Start of TASK DATA

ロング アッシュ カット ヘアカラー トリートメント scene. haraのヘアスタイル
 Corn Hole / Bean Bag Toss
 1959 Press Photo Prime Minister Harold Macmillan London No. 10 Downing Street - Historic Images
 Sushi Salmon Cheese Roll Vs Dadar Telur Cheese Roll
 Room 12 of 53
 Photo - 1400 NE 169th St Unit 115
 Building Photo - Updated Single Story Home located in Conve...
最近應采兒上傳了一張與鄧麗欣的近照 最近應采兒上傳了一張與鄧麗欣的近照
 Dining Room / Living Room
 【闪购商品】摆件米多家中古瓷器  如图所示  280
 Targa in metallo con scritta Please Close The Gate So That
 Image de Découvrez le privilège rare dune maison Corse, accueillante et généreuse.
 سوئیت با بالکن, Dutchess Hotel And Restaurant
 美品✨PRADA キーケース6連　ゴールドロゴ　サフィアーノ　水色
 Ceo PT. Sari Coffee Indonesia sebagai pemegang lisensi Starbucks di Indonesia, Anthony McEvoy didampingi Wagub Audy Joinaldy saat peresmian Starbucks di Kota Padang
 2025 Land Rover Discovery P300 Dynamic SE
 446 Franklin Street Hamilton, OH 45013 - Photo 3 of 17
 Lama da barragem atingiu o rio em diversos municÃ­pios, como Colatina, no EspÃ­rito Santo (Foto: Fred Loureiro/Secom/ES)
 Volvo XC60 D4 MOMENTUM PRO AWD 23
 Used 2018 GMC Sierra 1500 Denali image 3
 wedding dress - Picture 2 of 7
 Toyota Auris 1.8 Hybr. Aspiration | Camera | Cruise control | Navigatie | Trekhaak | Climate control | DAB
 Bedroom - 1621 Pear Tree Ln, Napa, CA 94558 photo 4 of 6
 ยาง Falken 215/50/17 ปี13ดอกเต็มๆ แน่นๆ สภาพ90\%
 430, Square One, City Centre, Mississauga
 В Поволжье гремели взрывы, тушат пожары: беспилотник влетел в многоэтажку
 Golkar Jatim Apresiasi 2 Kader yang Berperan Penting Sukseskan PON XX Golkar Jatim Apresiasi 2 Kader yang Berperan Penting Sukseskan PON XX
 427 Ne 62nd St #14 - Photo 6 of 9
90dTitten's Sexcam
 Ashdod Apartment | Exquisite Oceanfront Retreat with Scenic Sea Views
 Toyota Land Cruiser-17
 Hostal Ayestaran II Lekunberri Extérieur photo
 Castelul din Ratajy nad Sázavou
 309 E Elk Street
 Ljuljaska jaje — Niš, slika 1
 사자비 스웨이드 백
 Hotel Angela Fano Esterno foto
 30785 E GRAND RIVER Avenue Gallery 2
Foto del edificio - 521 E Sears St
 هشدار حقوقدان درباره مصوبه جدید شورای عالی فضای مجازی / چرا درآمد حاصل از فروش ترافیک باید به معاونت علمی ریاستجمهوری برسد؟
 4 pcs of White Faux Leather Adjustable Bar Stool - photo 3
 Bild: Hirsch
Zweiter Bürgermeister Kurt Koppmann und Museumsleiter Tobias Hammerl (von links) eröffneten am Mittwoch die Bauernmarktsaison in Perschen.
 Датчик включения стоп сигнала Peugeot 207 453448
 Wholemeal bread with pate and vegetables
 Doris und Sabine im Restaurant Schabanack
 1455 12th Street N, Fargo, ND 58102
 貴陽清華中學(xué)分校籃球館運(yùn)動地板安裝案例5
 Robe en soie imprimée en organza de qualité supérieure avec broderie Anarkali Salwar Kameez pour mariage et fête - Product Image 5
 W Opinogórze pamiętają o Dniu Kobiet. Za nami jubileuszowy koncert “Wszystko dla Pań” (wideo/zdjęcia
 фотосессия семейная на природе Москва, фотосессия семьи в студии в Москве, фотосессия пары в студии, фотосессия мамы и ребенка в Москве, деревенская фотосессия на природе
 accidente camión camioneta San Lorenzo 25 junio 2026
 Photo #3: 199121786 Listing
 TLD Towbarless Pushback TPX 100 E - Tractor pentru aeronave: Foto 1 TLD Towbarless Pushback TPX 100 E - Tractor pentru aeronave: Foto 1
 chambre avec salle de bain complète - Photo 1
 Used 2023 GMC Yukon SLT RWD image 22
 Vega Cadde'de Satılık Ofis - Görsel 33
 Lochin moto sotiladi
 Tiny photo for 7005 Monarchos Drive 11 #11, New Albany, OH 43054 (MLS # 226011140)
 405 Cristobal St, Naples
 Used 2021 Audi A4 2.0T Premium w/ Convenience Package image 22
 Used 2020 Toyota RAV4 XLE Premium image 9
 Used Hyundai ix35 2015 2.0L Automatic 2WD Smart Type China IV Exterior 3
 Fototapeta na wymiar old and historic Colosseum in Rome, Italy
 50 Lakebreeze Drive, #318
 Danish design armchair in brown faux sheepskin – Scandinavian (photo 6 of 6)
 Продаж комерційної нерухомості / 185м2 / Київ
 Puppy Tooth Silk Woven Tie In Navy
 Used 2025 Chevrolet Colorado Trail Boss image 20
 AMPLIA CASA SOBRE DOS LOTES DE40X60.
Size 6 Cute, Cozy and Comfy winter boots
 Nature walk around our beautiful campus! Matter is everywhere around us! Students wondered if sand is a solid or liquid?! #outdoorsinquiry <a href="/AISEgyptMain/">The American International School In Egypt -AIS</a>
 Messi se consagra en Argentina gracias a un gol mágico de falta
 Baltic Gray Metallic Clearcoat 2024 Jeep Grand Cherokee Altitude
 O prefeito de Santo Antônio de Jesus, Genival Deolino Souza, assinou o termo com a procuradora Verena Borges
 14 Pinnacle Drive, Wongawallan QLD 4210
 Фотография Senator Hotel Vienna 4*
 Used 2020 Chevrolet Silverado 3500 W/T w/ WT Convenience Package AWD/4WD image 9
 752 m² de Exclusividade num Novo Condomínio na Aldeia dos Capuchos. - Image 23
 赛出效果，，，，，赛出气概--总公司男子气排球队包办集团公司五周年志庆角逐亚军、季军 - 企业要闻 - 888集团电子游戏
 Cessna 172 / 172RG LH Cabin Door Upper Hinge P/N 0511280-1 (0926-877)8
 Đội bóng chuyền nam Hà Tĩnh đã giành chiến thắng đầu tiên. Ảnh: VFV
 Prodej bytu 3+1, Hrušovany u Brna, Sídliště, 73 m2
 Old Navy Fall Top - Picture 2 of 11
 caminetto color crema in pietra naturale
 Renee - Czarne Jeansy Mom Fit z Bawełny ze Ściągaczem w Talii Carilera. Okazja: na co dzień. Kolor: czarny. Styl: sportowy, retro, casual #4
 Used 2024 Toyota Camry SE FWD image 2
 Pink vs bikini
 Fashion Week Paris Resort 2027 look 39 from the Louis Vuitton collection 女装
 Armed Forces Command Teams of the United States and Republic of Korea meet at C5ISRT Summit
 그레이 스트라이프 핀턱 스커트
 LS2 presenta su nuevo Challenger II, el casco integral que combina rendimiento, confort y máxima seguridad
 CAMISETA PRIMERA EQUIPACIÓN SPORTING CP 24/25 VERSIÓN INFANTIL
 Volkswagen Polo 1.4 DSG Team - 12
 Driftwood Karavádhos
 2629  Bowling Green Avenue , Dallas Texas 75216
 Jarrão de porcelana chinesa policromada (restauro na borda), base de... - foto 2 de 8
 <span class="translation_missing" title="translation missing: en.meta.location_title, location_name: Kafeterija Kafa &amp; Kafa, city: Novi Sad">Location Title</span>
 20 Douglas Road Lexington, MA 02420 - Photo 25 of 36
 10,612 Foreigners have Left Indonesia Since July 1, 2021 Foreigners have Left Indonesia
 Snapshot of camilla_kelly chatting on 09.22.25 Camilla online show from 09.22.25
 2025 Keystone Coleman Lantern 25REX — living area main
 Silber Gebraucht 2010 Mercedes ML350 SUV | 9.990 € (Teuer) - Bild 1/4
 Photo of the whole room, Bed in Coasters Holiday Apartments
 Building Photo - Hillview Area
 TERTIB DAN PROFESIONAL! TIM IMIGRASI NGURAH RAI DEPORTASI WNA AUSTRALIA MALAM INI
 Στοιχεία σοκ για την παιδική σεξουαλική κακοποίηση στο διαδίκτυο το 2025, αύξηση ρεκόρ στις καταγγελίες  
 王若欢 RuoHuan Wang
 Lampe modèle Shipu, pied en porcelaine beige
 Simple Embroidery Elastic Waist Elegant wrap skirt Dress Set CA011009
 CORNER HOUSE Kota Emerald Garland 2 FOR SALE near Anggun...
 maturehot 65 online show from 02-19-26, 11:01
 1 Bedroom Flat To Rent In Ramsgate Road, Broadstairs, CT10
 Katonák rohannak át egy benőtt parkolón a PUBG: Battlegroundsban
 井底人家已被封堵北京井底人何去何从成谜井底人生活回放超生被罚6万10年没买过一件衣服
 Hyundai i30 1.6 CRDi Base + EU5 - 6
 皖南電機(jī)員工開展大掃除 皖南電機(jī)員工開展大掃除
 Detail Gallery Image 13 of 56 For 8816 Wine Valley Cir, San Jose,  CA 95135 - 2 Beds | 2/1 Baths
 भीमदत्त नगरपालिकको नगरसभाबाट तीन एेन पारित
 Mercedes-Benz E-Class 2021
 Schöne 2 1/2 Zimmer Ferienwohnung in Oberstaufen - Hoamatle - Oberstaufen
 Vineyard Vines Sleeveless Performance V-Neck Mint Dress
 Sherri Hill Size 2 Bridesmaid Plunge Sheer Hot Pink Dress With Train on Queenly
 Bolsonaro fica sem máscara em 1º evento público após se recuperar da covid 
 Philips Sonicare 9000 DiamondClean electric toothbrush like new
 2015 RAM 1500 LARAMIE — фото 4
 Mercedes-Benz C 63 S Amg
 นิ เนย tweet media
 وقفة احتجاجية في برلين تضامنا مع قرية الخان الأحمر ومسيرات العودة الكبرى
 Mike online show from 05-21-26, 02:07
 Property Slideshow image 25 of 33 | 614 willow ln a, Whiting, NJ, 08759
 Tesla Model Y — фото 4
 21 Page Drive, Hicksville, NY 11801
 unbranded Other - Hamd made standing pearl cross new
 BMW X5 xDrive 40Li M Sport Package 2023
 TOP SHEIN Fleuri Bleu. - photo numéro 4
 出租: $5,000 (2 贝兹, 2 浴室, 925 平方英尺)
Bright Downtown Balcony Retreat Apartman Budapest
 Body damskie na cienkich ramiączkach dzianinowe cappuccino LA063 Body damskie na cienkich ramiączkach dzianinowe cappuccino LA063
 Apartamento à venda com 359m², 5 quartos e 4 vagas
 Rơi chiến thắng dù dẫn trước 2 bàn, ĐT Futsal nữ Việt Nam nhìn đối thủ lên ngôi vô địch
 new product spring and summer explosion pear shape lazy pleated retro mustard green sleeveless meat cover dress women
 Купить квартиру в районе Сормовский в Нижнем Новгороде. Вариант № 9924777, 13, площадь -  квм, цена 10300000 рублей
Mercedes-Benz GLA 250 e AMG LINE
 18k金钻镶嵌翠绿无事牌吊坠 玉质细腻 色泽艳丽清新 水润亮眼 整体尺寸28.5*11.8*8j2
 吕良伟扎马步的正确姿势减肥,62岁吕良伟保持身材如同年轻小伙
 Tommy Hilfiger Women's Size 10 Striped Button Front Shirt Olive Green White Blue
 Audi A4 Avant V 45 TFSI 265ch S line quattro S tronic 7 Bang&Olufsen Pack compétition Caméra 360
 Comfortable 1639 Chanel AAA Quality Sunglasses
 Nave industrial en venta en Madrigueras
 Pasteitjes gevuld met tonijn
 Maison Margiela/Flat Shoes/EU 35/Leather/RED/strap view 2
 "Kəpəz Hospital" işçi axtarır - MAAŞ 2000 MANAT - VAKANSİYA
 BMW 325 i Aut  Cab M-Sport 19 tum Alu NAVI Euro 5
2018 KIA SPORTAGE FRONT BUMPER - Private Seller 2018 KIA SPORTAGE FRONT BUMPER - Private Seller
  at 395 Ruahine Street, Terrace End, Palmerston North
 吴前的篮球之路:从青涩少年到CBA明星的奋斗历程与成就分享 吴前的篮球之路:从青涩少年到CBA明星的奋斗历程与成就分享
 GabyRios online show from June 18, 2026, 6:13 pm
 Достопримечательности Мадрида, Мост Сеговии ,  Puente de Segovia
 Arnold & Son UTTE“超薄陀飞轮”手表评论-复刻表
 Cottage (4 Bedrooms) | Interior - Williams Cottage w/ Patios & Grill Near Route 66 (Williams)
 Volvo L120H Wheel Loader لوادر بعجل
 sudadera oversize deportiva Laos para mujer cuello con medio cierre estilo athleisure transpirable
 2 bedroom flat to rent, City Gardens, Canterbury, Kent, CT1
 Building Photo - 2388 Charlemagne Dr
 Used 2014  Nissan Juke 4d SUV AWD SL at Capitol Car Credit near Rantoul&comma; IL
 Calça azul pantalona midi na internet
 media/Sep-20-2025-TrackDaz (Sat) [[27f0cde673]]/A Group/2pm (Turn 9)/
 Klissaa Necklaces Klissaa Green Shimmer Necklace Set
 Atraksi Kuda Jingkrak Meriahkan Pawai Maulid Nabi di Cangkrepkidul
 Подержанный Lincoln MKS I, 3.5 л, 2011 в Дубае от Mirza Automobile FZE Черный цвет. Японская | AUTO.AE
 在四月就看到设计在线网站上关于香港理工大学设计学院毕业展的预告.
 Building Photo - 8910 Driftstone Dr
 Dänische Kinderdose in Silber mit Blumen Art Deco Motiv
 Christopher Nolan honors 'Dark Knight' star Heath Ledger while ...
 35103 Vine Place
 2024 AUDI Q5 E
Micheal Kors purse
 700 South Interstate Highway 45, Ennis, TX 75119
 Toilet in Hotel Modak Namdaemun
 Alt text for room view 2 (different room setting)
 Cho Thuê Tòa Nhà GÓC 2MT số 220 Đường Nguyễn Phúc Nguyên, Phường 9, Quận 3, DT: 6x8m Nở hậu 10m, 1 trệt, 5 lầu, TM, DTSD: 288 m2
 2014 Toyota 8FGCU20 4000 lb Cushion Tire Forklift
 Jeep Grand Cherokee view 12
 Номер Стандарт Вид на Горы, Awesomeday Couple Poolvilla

End of TASK DATA

Each line above with the string "Used" in it should be located and copied.

ANSWER TO THE PROBLEM:
 Used 2018 GMC Sierra 1500 Denali image 3
 Used 2023 GMC Yukon SLT RWD image 22
 Used 2021 Audi A4 2.0T Premium w/ Convenience Package image 22
 Used 2020 Toyota RAV4 XLE Premium image 9
 Used Hyundai ix35 2015 2.0L Automatic 2WD Smart Type China IV Exterior 3
 Used 2025 Chevrolet Colorado Trail Boss image 20
 Used 2020 Chevrolet Silverado 3500 W/T w/ WT Convenience Package AWD/4WD image 9
 Used 2024 Toyota Camry SE FWD image 2
 Used 2014  Nissan Juke 4d SUV AWD SL at Capitol Car Credit near Rantoul&comma; IL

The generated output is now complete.